Testimonies & comments

Issue One calls on the FEC to prevent the use of deceptive generative AI in political campaign ads

Today, Issue One submitted a public comment to the Federal Election Commission (FEC) urging the agency to clarify regulatory rules to prevent the use of deceptive generative artificial intelligence (AI) in political campaign ads.

“The threat that AI poses to the integrity of our national security and our democratic elections has increasingly come into focus, and the FEC has both the duty and authority to act to safeguard our election system,” Issue One’s Legislative Director Gideon Cohn-Postar writes in the public comment.

“The deceptive use of generative AI in political campaigns is not a future possibility, it is a present reality,” Cohn-Postar continues. “Decisive action on the use of deepfakes in political ad campaigns is a necessary first step to set a federal precedent on the management of harmful AI.”

In August, the FEC unanimously decided to advance a petition from Public Citizen requesting a rulemaking to address the use of “deepfakes” in 2024 campaign advertising. Last month, Issue One partnered with Public Citizen to host a virtual event that brought together a bipartisan group of congressional leaders and election officials to discuss the threats posed by generative AI to our democracy. Speakers included Sen. Amy Klobuchar (D-MN), who recently introduced bipartisan legislation that would ban deceptive AI-generated content in political ads, Rep.  Ken Buck (R-CO), U.S. Election Assistance Commission (EAC) Commissioner Thomas Hicks, Faces of Democracy member and Supervisor of Elections in Marion County, Florida, Wesley Wilcox, and others.
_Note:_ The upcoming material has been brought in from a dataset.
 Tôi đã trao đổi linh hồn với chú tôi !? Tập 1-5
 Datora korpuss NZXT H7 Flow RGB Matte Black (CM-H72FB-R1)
The comment period ends today, October 16, and the FEC will now decide whether it will develop rules governing the use of generative AI in campaign ads.

Issue One’s new comment concludes with a clear call to action: “The FEC is charged with the critical role of administering and enforcing campaign finance laws. The use of generative AI in paid campaign advertisements now poses an existential threat to the integrity of American elections as a whole. This rulemaking is a focused, statutorily valid, and necessary intervention. While the adoption of this petition will not end the generative AI threat to our elections, it will narrow the avenues of attack that bad actors can use to introduce deepfakes and false information into our campaigns. We therefore strongly encourage the Commission to accept the petition for rulemaking and clarify that the ‘fraudulent misrepresentation’ provision covers content created by generative AI.”